Besé sus labios, el sabor del vino un eco distante. Sus dedos se enredaron en mi cabello mientras me guiaba. De rodillas, la besé con desesperación, hundiendo mi nariz en su cuello. La llevé en brazos hasta la cama, donde nuestros cuerpos se fundieron en uno. El calor la envolvía, sus latidos se aceleraban mientras que los míos descendían al igual que mi temperatura.

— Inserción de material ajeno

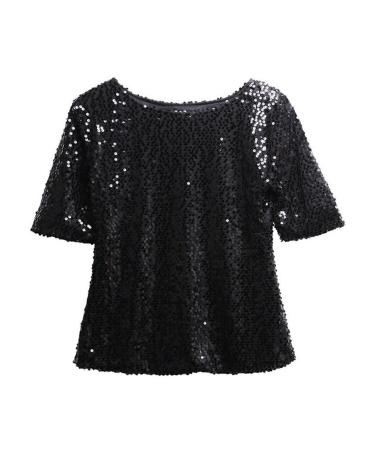 Top ladies T-shirt with sequins luxurious chic elegant short sleeves loose shoulder section shiny versatile fashionable t-shirt streetwear A XL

Los párpados pesados se negaron a abrirse del todo. A tientas, encontré a Olivia a mi lado. Dormía plácidamente, su respiración era suave. Me tranquilizó verla tan sana, pero una inquietud profunda me atenazaba. Al acercarme al baño, el espejo me ofreció una imagen distorsionada de mí mismo: mis uñas, antes rosadas, ahora eran amarillentas y quebradizas. Me sentía débil, consumido por una sed abrasadora, una sed que ninguna cantidad de agua parecía apagar.

La alarma resonó, recordándome mi compromiso. Tenía que escribir, aunque me sintiera al borde del colapso. Mi esposa necesitaba de mí. Tenía que encontrar una manera de mantenerla a mi lado, de inyectarle más vida.

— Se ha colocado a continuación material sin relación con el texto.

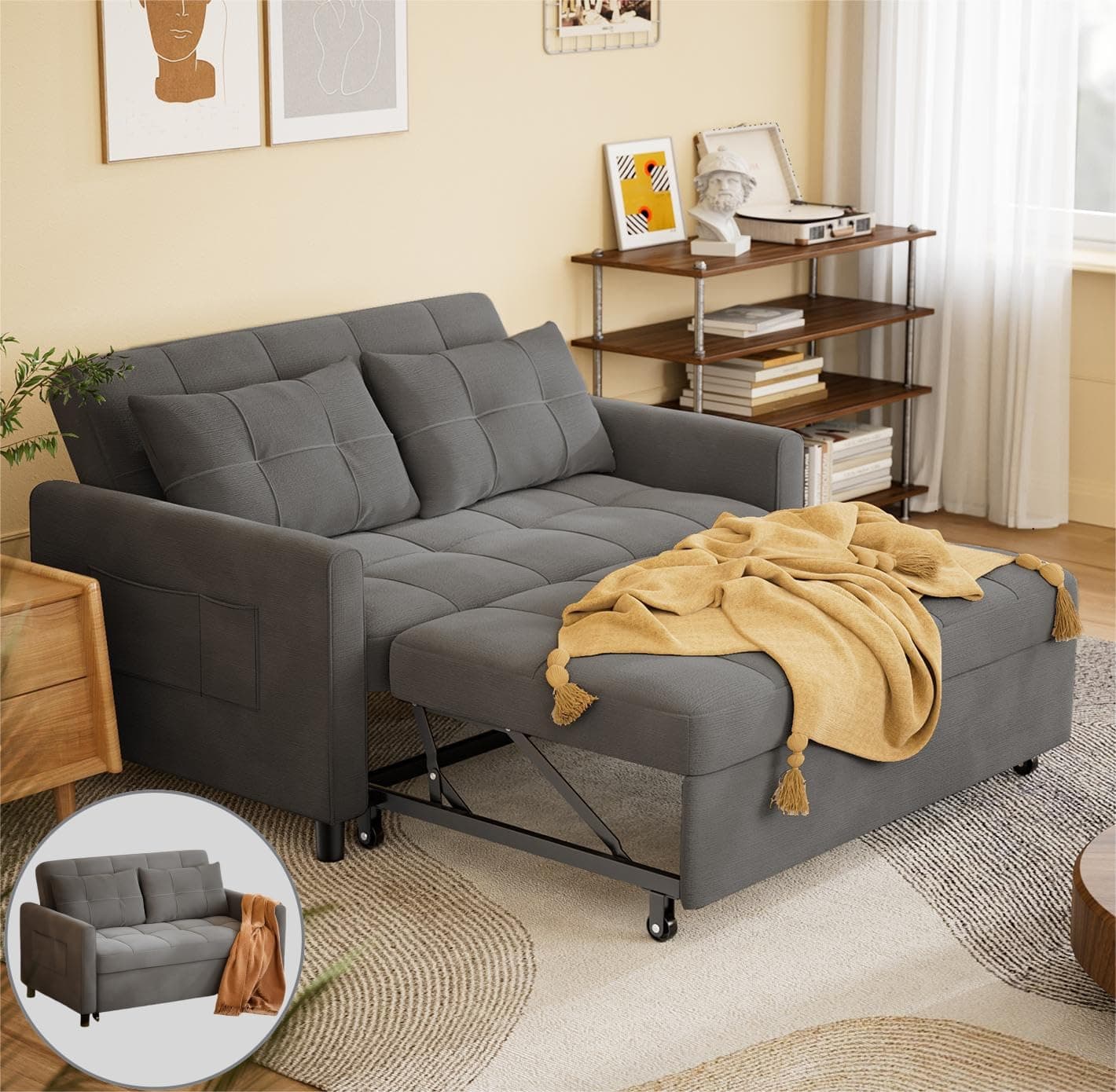 Gizoon 3-in-1 Loveseat Sleeper Sofa Bed with Pull-Out Couch, Linen Fabric, Dark Grey, for Living Room & Apartment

Con el abrecartas sobre el escritorio, reabrí las heridas de mis dedos. Con cada tecla, las agujas invisibles de la máquina se hundían más en mi carne, bebiendo mi sangre. A cambio, mis palabras cobraban vida, oscuras y poderosas. Era un pacto macabro.

La necesidad de escribir se había convertido en una obsesión. Las noches se desvanecían en un borrón de tinta y dolor. La máquina me exigía un tributo constante, y yo, con una obediencia enfermiza, se lo ofrecía. Mi cuerpo, otrora sano, ahora era un mero recipiente para alimentar mi creación.

El timbre resonó en la madrugada, cortando la densa atmósfera. Un escalofrío me recorrió la espalda. «¿Quién podía ser a esas horas?» El corazón me martilleaba en el pecho mientras me dirigía hacia la puerta. Al mirar por el visor, una sensación de pavor me envolvía. Gotas de sudor frío resbalaban por mi frente, y mis extremidades vacilaban.